# Math Help - Trigonometric Equation

1. ## Trigonometric Equation

Hi everyone,

I've been given the following equation:

$3cot(2x)+tan(x)-4+\frac{3}{sin^2(x)}=0$
and been asked to solve it the interval
$[0,\frac{3\pi }{2}[$
I've spent hours basically going in circles, unable to solve it. If anyone could show me how to simplfy this I would really appreciate it.

Thanks

2. ## Re: Trigonometric Equation

My strategy would be to reduce to a single trig function.
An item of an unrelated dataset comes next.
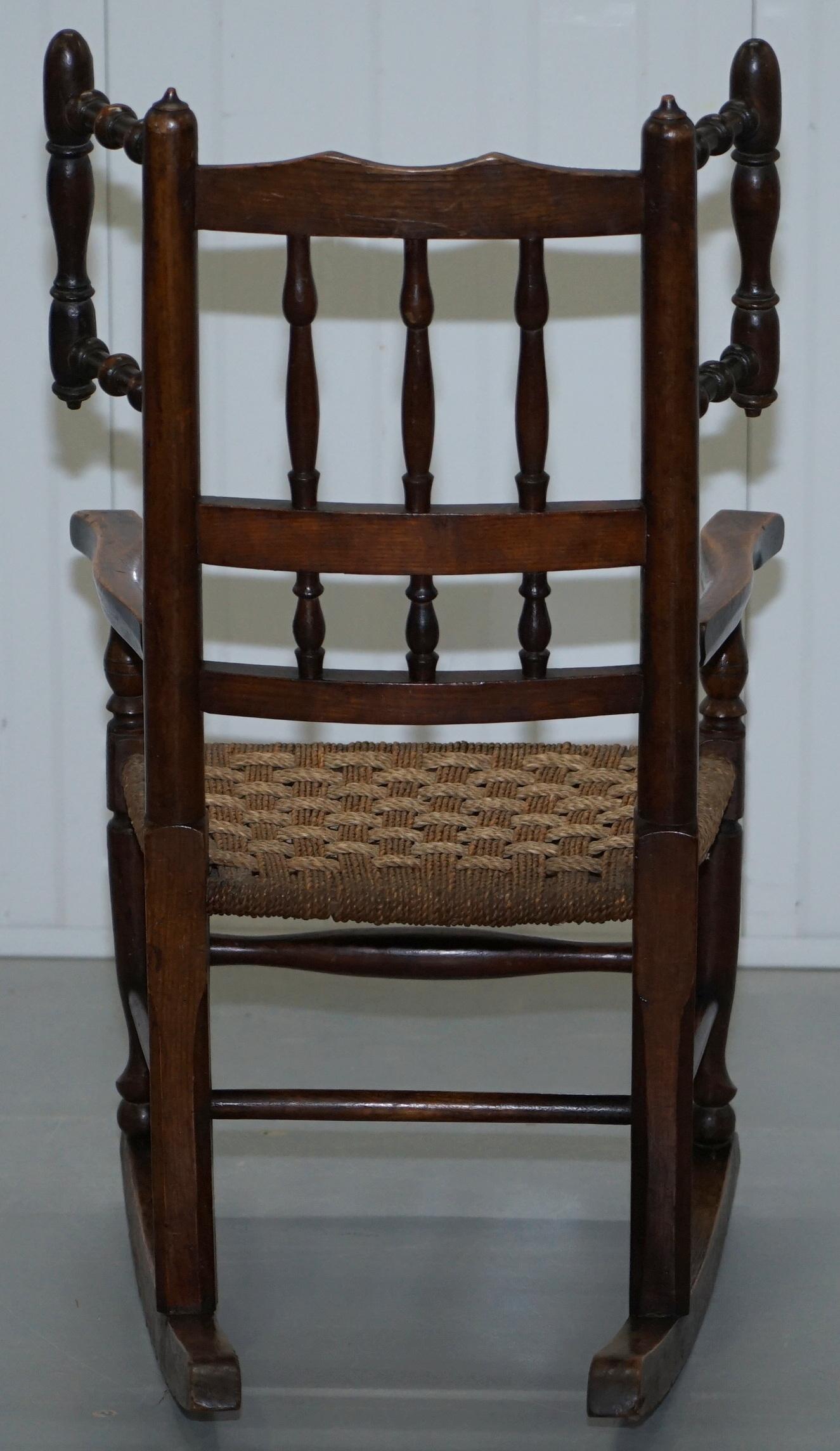 Rare Children's Small Antique Rope Seat Georgian Rocking Chair Solid Elm Display 9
First, $cot(a)=\frac{cos(a)}{sin(a)}$ so that $cos(2x)= \frac{cos(2x)}{sin(2x)}= \frac{cos^2(x)- sin^2(x)}{2sin(x)cos(x)}= \frac{1- 2sin^2(x)}{2sin(x)\sqrt{1- sin^2(x)}}$. Similarly, $tan(x)= \frac{sin(x)}{cos(x)}= \frac{sin(x)}{\sqrt{1- sin^2(x)}}$. So this equation says
$\frac{3(1- 2sin^2(x))}{2sin(x)\sqrt{1- sin^2(x)}}+ \frac{sin(x)}{\sqrt{1- sin^2(x)}}- 4+ \frac{3}{sin^2(x)}= 0$

"Clear the fractions" by multiplying through by $2sin^2(x)\sqrt{1- sin^2(x)}$:
$3sin(x)(1- 2sin^2(x)+ 2sin^3(x)- 8sin^2(x)\sqrt{1- sin^2(x)}+ 6\sqrt{1- sin^2(x)}= 0$

Let y= sin(x) so this becomes $3y(1- 2y^2)+2y^3- 8y^2\sqrt{1- y^2}+ 6\sqrt{1- y^2}= 0$

We can write this as $3y(1- y^2)+ 2y^3= (8y^2+ 6)\sqrt{1- y^2}$
and squaring both sides gives a sixth degree polynomial in y.

3. ## Re: Trigonometric Equation

Thanks a lot for your help! It's much appreciated.

I think you may have made two small errors (either that or I misunderstood something)

I think (8y2+6)√(1-y2)
should rightly be (8y2-6)√(1-y2)

and you also dropped the 2 from 3y(1-2y3) at the end. Unless I made some mistake.

In any case doing things the way you showed me I ended up with

16sin6x-88sin4x+105sin2x-36

which I then factored and got 3 facts, 2 of which were the same, and one of which was impossible (sin(x)=±2 when simplified)
In any case the final answer, if I didn't mess up somewhere along the way, is x=pi/3, 2pi/3, or 4pi/3 in the given interval.

Thanks a lot for your help, I don't know if I ever would have found the answer without you.
Oh and sorry, for some reason I am heaving trouble with latex all of a sudden. I'll look into that later though.

4. ## Re: Trigonometric Equation

Could you check that you've copied the equation correctly ?
If that second term were $2\tan x$ I think it drops out quite nicely.

5. ## Re: Trigonometric Equation

I did indeed copy it correctly. The question from a practice exam for my universities entrance exam and I think it not dropping out nicely is expressly their purpose unfortunately.

6. ## Re: Trigonometric Equation

Originally Posted by DCB
Thanks a lot for your help! It's much appreciated.

I think you may have made two small errors (either that or I misunderstood something)

I think (8y2+6)√(1-y2)
should rightly be (8y2-6)√(1-y2)

and you also dropped the 2 from 3y(1-2y3) at the end. Unless I made some mistake.

In any case doing things the way you showed me I ended up with

16sin6x-88sin4x+105sin2x-36

which I then factored and got 3 facts, 2 of which were the same, and one of which was impossible (sin(x)=±2 when simplified)
In any case the final answer, if I didn't mess up somewhere along the way, is x=pi/3, 2pi/3, or 4pi/3 in the given interval.

Thanks a lot for your help, I don't know if I ever would have found the answer without you.
Oh and sorry, for some reason I am heaving trouble with latex all of a sudden. I'll look into that later though.
Just for information Mathematica is showing an additional solution in this interval at $x=2\arctan\left(\frac{1}{2}\left(1+\sqrt{5}\right) \right)$

7. ## Re: Trigonometric Equation

Really? Any idea how I could go abut finding that answer? And also unless I am mistaken isn't that the golden ratio?

9. ## Re: Trigonometric Equation

It certainly is. Nice catch.

Interesting. Ibdutt's cubic is also showing 4 solutions including $x=\pi-\arctan(2)$ which turns out to be equal to the golden ratio solution but in a nicer form.